**WHAT THIS TASK INVOLVES:** An exact transcription of the data below is needed.

Stored dataset items:
────

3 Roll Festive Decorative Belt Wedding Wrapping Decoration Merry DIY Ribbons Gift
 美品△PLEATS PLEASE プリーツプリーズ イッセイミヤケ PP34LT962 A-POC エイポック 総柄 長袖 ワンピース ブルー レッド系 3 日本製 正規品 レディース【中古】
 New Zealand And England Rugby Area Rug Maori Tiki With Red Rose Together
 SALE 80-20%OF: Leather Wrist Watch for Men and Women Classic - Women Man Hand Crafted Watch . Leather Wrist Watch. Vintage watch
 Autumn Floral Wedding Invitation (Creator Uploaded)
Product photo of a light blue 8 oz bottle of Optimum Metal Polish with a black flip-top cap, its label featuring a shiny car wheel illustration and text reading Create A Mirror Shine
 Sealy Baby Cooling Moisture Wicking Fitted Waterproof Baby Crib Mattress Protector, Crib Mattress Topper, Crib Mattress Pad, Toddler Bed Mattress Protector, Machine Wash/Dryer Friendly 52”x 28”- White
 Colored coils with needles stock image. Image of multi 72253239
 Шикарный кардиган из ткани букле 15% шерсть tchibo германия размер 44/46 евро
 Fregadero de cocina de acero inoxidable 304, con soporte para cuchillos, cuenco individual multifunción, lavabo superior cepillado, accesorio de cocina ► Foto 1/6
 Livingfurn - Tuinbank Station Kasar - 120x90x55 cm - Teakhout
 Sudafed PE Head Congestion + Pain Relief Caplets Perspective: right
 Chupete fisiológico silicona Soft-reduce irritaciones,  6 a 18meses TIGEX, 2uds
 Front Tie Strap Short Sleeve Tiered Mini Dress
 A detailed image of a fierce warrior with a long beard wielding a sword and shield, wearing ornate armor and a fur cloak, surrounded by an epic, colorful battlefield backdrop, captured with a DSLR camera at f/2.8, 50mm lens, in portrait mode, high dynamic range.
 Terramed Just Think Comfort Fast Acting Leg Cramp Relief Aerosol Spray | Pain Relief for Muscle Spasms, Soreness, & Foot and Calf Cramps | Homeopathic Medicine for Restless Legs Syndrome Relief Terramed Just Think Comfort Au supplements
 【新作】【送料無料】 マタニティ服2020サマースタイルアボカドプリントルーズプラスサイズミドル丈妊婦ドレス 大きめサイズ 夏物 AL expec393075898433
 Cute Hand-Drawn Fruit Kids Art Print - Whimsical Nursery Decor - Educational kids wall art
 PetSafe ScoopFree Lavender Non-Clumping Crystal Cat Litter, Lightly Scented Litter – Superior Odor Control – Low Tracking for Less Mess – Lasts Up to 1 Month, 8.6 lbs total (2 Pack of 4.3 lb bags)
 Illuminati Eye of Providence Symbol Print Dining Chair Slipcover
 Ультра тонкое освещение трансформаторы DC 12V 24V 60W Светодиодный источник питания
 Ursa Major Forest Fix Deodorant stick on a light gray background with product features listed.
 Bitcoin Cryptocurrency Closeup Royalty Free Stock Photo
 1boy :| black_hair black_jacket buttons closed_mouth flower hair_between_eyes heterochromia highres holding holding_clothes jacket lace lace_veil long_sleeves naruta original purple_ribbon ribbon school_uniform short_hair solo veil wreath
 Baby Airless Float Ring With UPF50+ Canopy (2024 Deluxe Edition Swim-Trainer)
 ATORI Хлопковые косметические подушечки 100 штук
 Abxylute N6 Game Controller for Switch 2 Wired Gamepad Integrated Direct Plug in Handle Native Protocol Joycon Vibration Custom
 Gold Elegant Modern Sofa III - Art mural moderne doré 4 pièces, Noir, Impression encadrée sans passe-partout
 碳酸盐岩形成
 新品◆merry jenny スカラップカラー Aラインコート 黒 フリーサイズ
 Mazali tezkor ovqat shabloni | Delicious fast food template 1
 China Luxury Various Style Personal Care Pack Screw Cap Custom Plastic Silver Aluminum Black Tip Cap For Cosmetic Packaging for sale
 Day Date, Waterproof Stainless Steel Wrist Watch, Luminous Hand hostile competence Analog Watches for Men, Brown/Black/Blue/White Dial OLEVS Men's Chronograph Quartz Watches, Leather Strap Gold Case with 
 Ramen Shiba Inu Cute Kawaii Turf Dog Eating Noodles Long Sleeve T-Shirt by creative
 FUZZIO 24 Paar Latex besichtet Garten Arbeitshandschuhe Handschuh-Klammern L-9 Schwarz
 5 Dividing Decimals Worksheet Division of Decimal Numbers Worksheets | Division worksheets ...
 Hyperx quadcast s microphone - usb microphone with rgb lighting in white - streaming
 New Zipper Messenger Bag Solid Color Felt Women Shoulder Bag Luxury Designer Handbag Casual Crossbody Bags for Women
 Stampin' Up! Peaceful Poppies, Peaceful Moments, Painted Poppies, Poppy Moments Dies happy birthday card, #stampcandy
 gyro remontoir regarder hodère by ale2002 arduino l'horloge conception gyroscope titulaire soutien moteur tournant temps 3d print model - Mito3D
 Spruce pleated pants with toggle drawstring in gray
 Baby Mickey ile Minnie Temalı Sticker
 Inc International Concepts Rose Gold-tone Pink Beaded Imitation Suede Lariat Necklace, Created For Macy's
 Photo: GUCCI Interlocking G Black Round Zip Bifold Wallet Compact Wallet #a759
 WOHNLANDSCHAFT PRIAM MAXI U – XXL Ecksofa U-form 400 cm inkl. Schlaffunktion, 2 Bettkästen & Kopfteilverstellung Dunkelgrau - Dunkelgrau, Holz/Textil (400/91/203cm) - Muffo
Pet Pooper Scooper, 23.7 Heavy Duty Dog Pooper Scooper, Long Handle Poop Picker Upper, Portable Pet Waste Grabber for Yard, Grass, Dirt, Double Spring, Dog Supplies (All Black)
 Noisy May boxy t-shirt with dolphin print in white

────

**SOLUTION FOR THIS TASK:**
3 Roll Festive Decorative Belt Wedding Wrapping Decoration Merry DIY Ribbons Gift
 美品△PLEATS PLEASE プリーツプリーズ イッセイミヤケ PP34LT962 A-POC エイポック 総柄 長袖 ワンピース ブルー レッド系 3 日本製 正規品 レディース【中古】
 New Zealand And England Rugby Area Rug Maori Tiki With Red Rose Together
 SALE 80-20%OF: Leather Wrist Watch for Men and Women Classic - Women Man Hand Crafted Watch . Leather Wrist Watch. Vintage watch
 Autumn Floral Wedding Invitation (Creator Uploaded)
Product photo of a light blue 8 oz bottle of Optimum Metal Polish with a black flip-top cap, its label featuring a shiny car wheel illustration and text reading Create A Mirror Shine
 Sealy Baby Cooling Moisture Wicking Fitted Waterproof Baby Crib Mattress Protector, Crib Mattress Topper, Crib Mattress Pad, Toddler Bed Mattress Protector, Machine Wash/Dryer Friendly 52”x 28”- White
 Colored coils with needles stock image. Image of multi 72253239
 Шикарный кардиган из ткани букле 15% шерсть tchibo германия размер 44/46 евро
 Fregadero de cocina de acero inoxidable 304, con soporte para cuchillos, cuenco individual multifunción, lavabo superior cepillado, accesorio de cocina ► Foto 1/6
 Livingfurn - Tuinbank Station Kasar - 120x90x55 cm - Teakhout
 Sudafed PE Head Congestion + Pain Relief Caplets Perspective: right
 Chupete fisiológico silicona Soft-reduce irritaciones,  6 a 18meses TIGEX, 2uds
 Front Tie Strap Short Sleeve Tiered Mini Dress
 A detailed image of a fierce warrior with a long beard wielding a sword and shield, wearing ornate armor and a fur cloak, surrounded by an epic, colorful battlefield backdrop, captured with a DSLR camera at f/2.8, 50mm lens, in portrait mode, high dynamic range.
 Terramed Just Think Comfort Fast Acting Leg Cramp Relief Aerosol Spray | Pain Relief for Muscle Spasms, Soreness, & Foot and Calf Cramps | Homeopathic Medicine for Restless Legs Syndrome Relief Terramed Just Think Comfort Au supplements
 【新作】【送料無料】 マタニティ服2020サマースタイルアボカドプリントルーズプラスサイズミドル丈妊婦ドレス 大きめサイズ 夏物 AL expec393075898433
 Cute Hand-Drawn Fruit Kids Art Print - Whimsical Nursery Decor - Educational kids wall art
 PetSafe ScoopFree Lavender Non-Clumping Crystal Cat Litter, Lightly Scented Litter – Superior Odor Control – Low Tracking for Less Mess – Lasts Up to 1 Month, 8.6 lbs total (2 Pack of 4.3 lb bags)
 Illuminati Eye of Providence Symbol Print Dining Chair Slipcover
 Ультра тонкое освещение трансформаторы DC 12V 24V 60W Светодиодный источник питания
 Ursa Major Forest Fix Deodorant stick on a light gray background with product features listed.
 Bitcoin Cryptocurrency Closeup Royalty Free Stock Photo
 1boy :| black_hair black_jacket buttons closed_mouth flower hair_between_eyes heterochromia highres holding holding_clothes jacket lace lace_veil long_sleeves naruta original purple_ribbon ribbon school_uniform short_hair solo veil wreath
 Baby Airless Float Ring With UPF50+ Canopy (2024 Deluxe Edition Swim-Trainer)
 ATORI Хлопковые косметические подушечки 100 штук
 Abxylute N6 Game Controller for Switch 2 Wired Gamepad Integrated Direct Plug in Handle Native Protocol Joycon Vibration Custom
 Gold Elegant Modern Sofa III - Art mural moderne doré 4 pièces, Noir, Impression encadrée sans passe-partout
 碳酸盐岩形成
 新品◆merry jenny スカラップカラー Aラインコート 黒 フリーサイズ
 Mazali tezkor ovqat shabloni | Delicious fast food template 1
 China Luxury Various Style Personal Care Pack Screw Cap Custom Plastic Silver Aluminum Black Tip Cap For Cosmetic Packaging for sale
 Day Date, Waterproof Stainless Steel Wrist Watch, Luminous Hand hostile competence Analog Watches for Men, Brown/Black/Blue/White Dial OLEVS Men's Chronograph Quartz Watches, Leather Strap Gold Case with 
 Ramen Shiba Inu Cute Kawaii Turf Dog Eating Noodles Long Sleeve T-Shirt by creative
 FUZZIO 24 Paar Latex besichtet Garten Arbeitshandschuhe Handschuh-Klammern L-9 Schwarz
 5 Dividing Decimals Worksheet Division of Decimal Numbers Worksheets | Division worksheets ...
 Hyperx quadcast s microphone - usb microphone with rgb lighting in white - streaming
 New Zipper Messenger Bag Solid Color Felt Women Shoulder Bag Luxury Designer Handbag Casual Crossbody Bags for Women
 Stampin' Up! Peaceful Poppies, Peaceful Moments, Painted Poppies, Poppy Moments Dies happy birthday card, #stampcandy
 gyro remontoir regarder hodère by ale2002 arduino l'horloge conception gyroscope titulaire soutien moteur tournant temps 3d print model - Mito3D
 Spruce pleated pants with toggle drawstring in gray
 Baby Mickey ile Minnie Temalı Sticker
 Inc International Concepts Rose Gold-tone Pink Beaded Imitation Suede Lariat Necklace, Created For Macy's
 Photo: GUCCI Interlocking G Black Round Zip Bifold Wallet Compact Wallet #a759
 WOHNLANDSCHAFT PRIAM MAXI U – XXL Ecksofa U-form 400 cm inkl. Schlaffunktion, 2 Bettkästen & Kopfteilverstellung Dunkelgrau - Dunkelgrau, Holz/Textil (400/91/203cm) - Muffo
Pet Pooper Scooper, 23.7 Heavy Duty Dog Pooper Scooper, Long Handle Poop Picker Upper, Portable Pet Waste Grabber for Yard, Grass, Dirt, Double Spring, Dog Supplies (All Black)
 Noisy May boxy t-shirt with dolphin print in white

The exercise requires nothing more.